(Problem requirements) Nothing but the lines from the start of the data through the line with "2-[4-(Dimethylamino)-3-nitrobenzoyl]benzoic acid structure" should appear in the answer, each retyped exactly, and pictures should not.

Data entries
◇ ◇ ◇

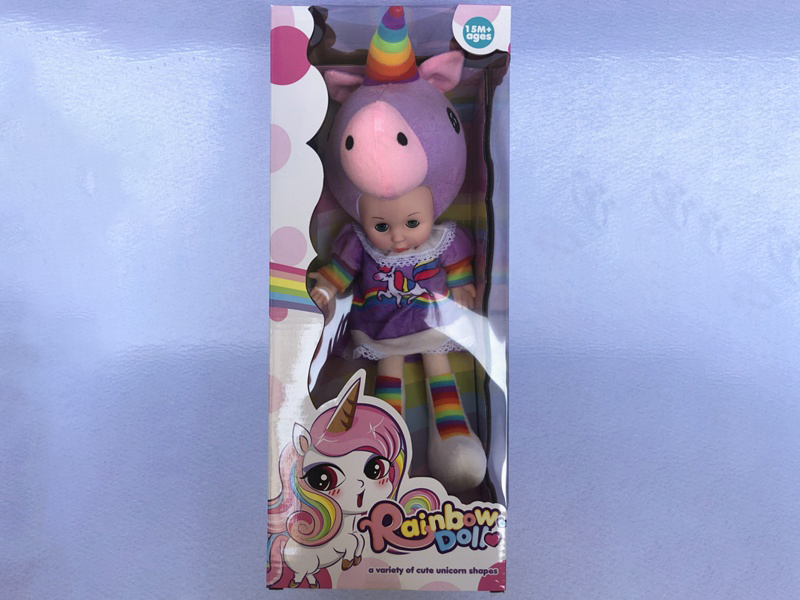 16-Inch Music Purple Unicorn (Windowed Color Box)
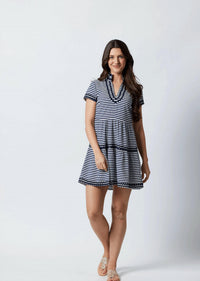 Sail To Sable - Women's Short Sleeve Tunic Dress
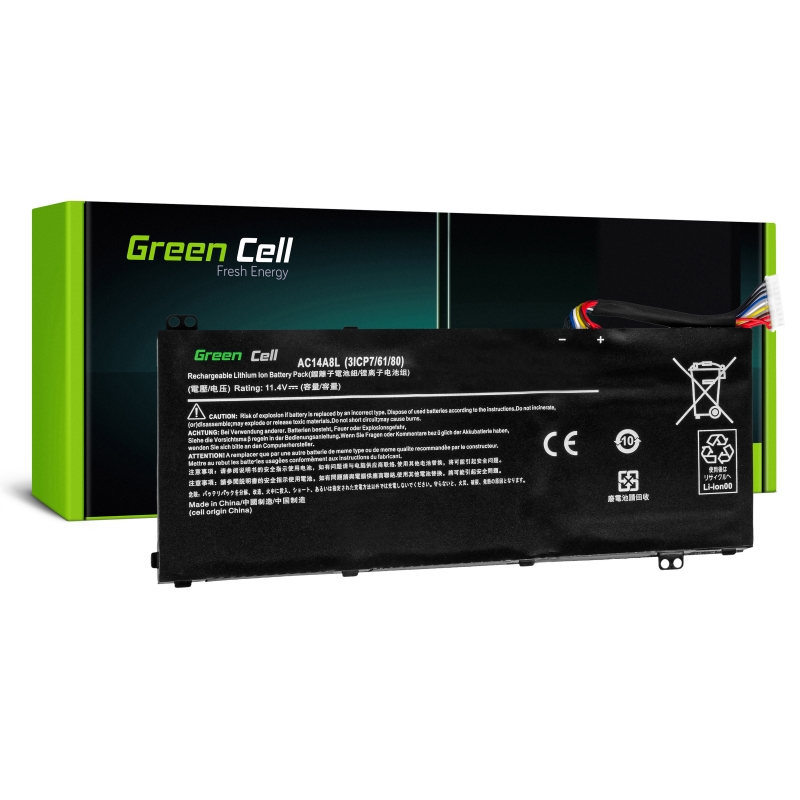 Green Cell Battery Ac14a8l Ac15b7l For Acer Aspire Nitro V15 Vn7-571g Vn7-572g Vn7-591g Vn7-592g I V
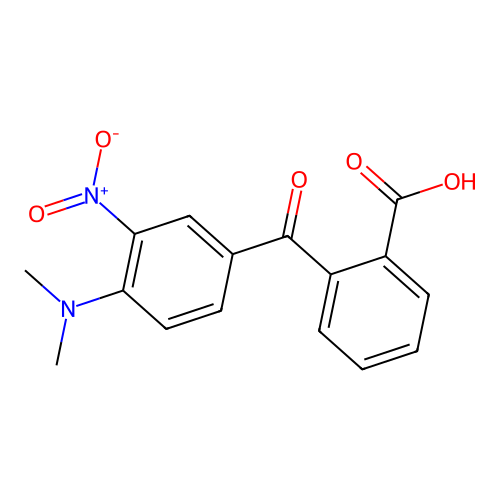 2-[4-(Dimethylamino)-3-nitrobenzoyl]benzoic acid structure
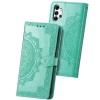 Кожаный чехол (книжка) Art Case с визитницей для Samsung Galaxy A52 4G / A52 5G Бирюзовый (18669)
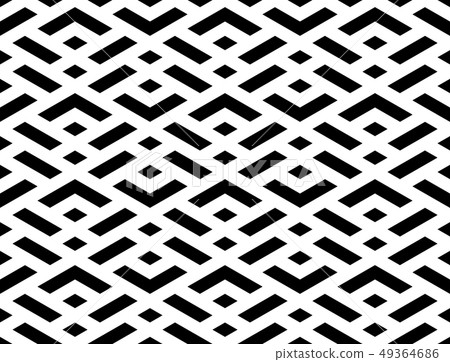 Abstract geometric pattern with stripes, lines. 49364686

◇ ◇ ◇

(Completed task)
 16-Inch Music Purple Unicorn (Windowed Color Box)
 Sail To Sable - Women's Short Sleeve Tunic Dress
 Green Cell Battery Ac14a8l Ac15b7l For Acer Aspire Nitro V15 Vn7-571g Vn7-572g Vn7-591g Vn7-592g I V
 2-[4-(Dimethylamino)-3-nitrobenzoyl]benzoic acid structure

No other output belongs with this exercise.